The party, which counts Joan Collins among it supporters and Robert Kilroy-Silk among its candidates, has given 200,000 leaflets to the Royal Mail to deliver to homes in Edinburgh and Glasgow.
But Derek Durkin, secretary of the Scotland Number 2 branch of the CWU, which covers Edinburgh, Lothians, Fife, central Scotland and the Borders, revealed the union was ready to back any member of staff who objected to ‘extremist’ parties.
"If someone had a fundamental problem we would take their case up," he said.
"We are duty-bound to deliver leaflets for the mainstream political parties. But if one of our members found material from the other parties offensive and refused to deliver it, then we would back them on that."
Chris Proctor, UK spokesman for the CWU, defended the move. He said: "There is a general agreement that the Royal Mail has a legal obligation to deliver mail. Management will deal sensitively and sympathetically with genuine requests to deviate from this arrangement."
A Royal Mail spokeswoman also defended the controversial policy but insisted all leaflets would be delivered.
She said: "Royal Mail has legal obligations, under the Representation of People Act, to deliver election material, so long as the material is legal. However, we recognise that staff may have strong feelings. We have always tried to have a flexible approach, so if an individual feels they are unable to deliver the material because of personal circumstances or beliefs, or where an individual believes delivery of a particular item may incur personal risk, alternative arrangements will be made."
But a spokesman for UKIP last night reacted angrily to the suggestion it was extremist and could be boycotted by postal workers. He said: "The Royal Mail has a statutory duty to deliver leaflets from political parties. We are disappointed that the CWU have not seen fit to talk to any of our members in Scotland. We really don’t think it’s in the best interests of democracy for one group of people to decide what the rest of the country can or can’t read."
A spokesman for Operation Christian Vote threatened to take legal action if it learned of any delivery problems with its leaflets. The party, which has been set up to harness the vote of Christians, opposes abortions, human embryo research and euthanasia.
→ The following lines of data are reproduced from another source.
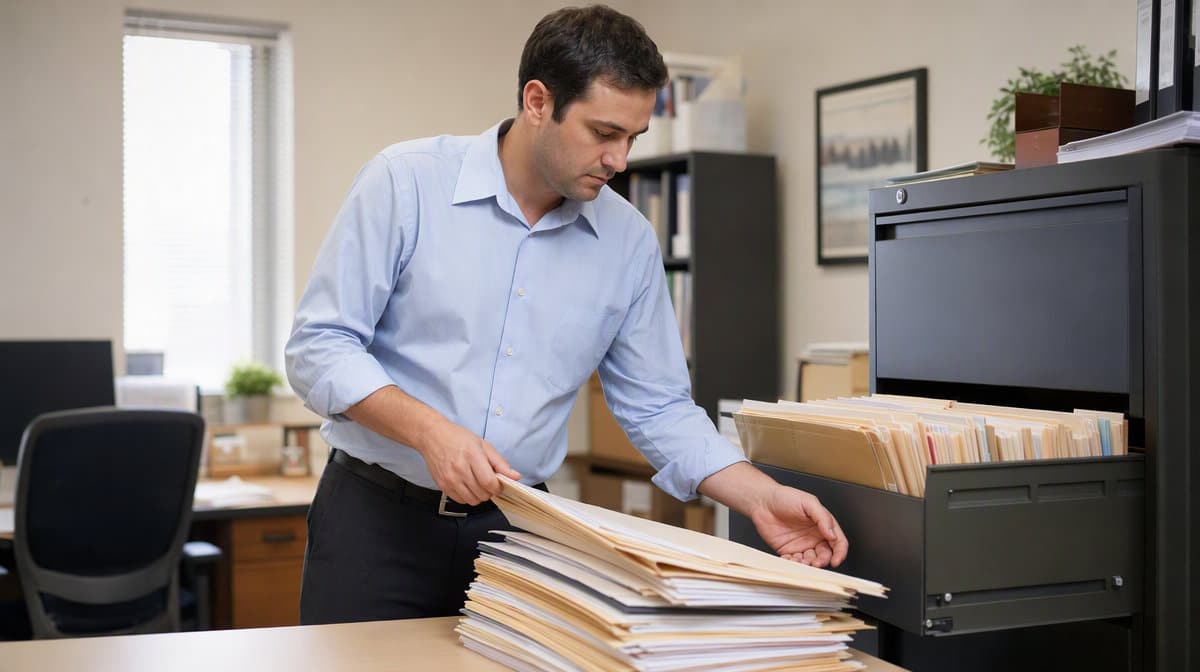 Payroll administrator pulling timecard and payroll folders from a filing cabinet to assemble an evidence pack for an audit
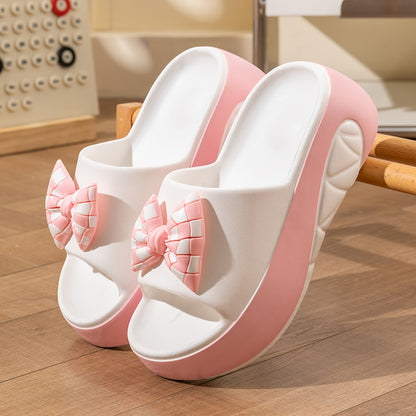 [Chic Summer Sandals] Non-Slip Thick Sole Summer Women's Slide Sandals - Chic EVA Wedge Heels with Bow Detail, Versatile Solid Color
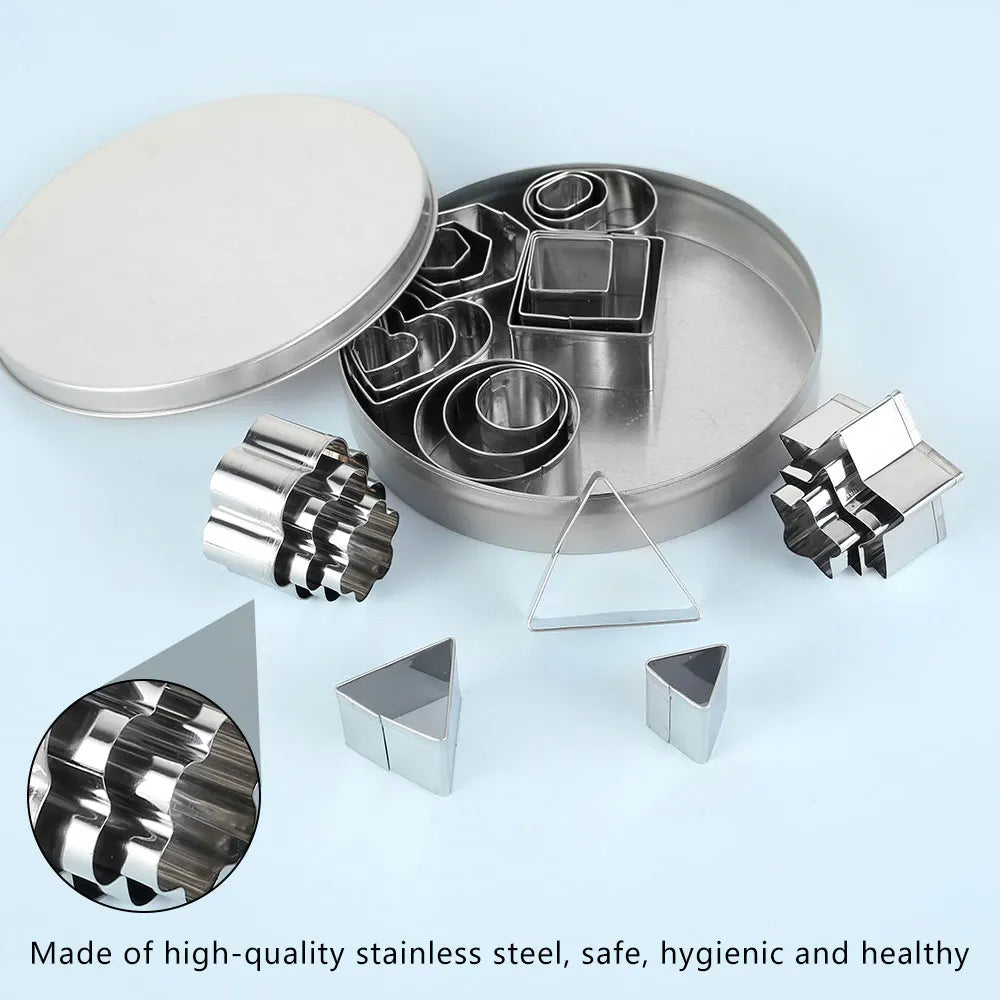 Ensemble de 24 Emporte-pièces en Acier Inoxydable - Formes Géométriques emportepieces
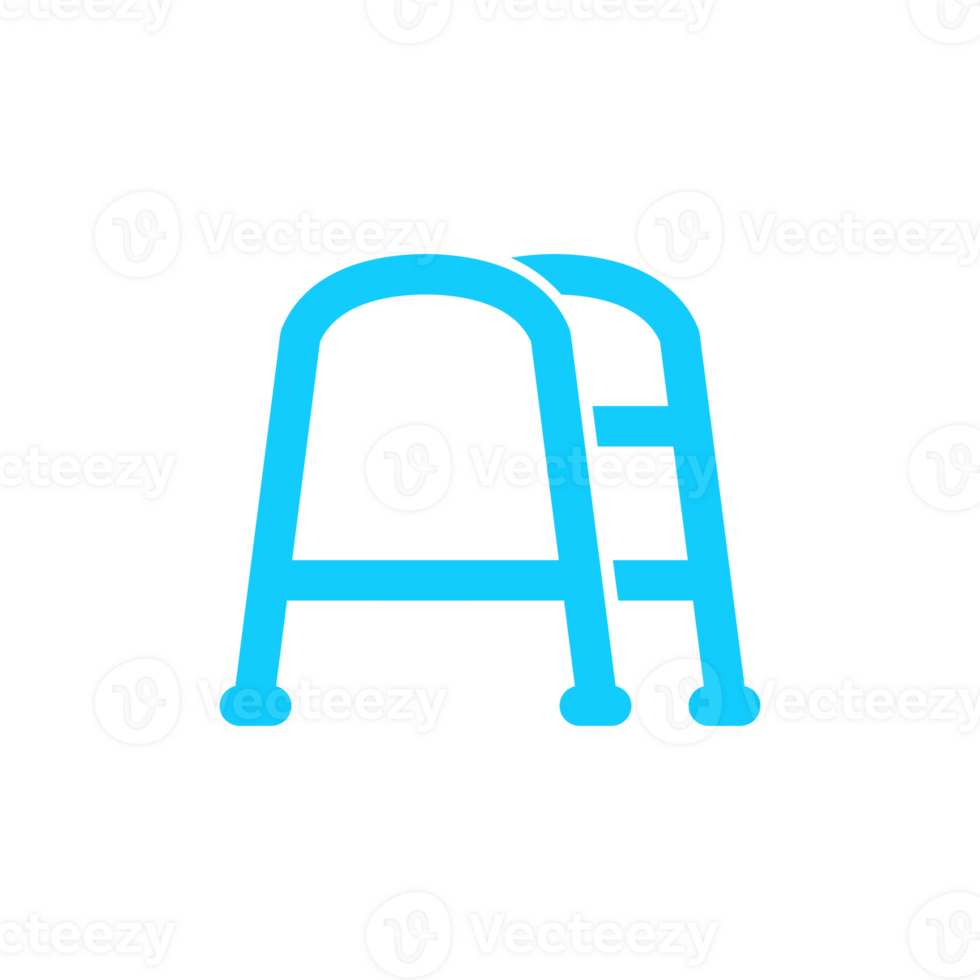 Walking aid icon with simple and modern design in blue color for disability web png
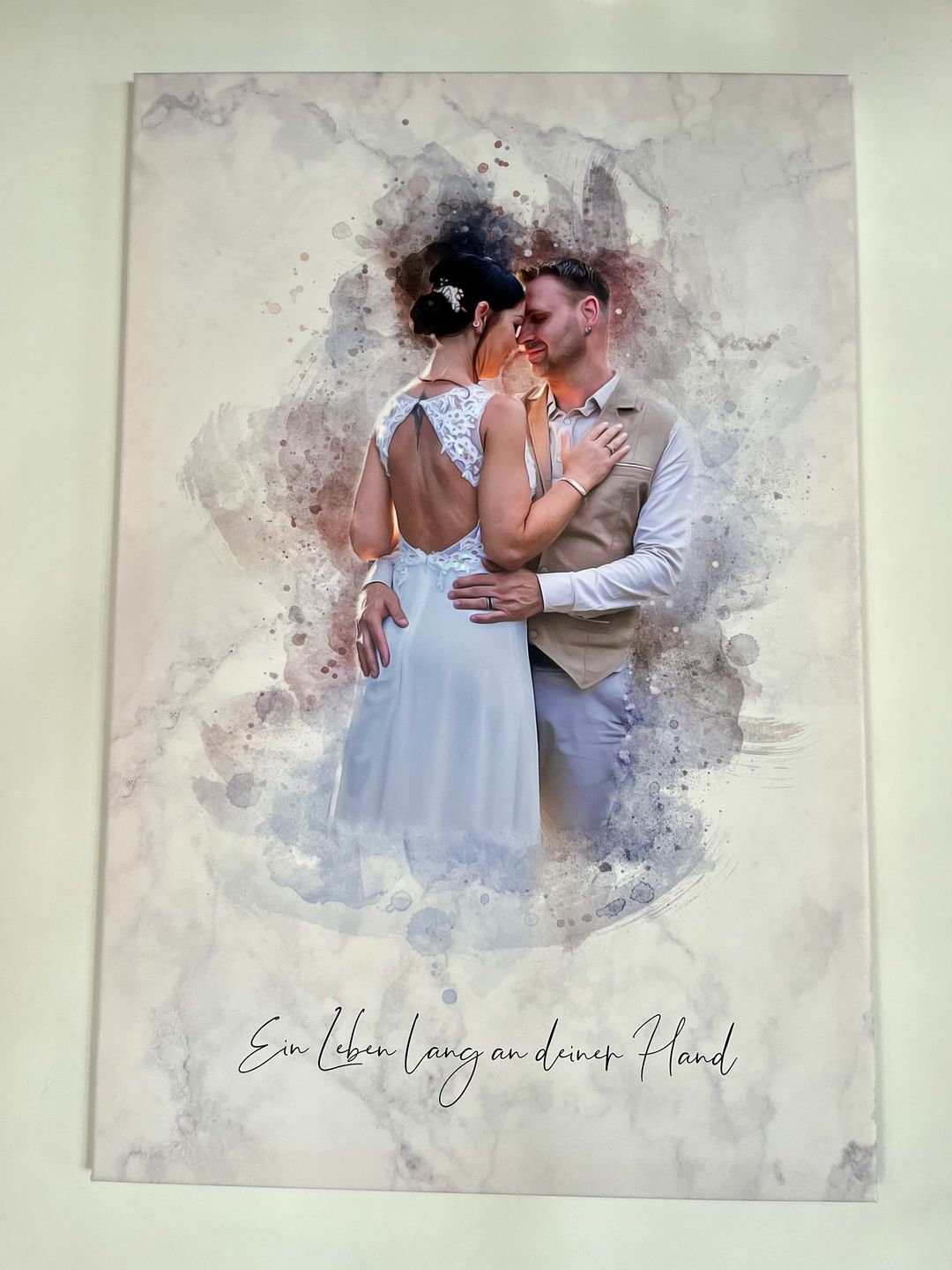 Customer photo review of Dein Hochzeitsfoto als Aquarell Poster | Geschenk zur Hochzeit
The spokesman said 500,000 leaflets had been handed over to the Royal Mail to be delivered to homes across Scotland.
He added: "I am very disturbed by this. I support people’s right to free speech and I don’t believe postmen have the right to be gatekeepers of information. If they don’t like the job of delivering mail they shouldn’t be doing it. We have spent thousands of pounds on these leaflets and we will sue if they are not delivered."
• The Scottish Socialist Party last night claimed that TV bosses were threatening to ban their new European election broadcast because it accuses Tony Blair of lying over the Iraq war.
The party said that lawyers for STV and Grampian television had told them that the brief broadcast would not be aired unless they could prove their case about Blair.
An STV spokesman said: "No decision has been made at this stage as to whether or not it can be broadcast."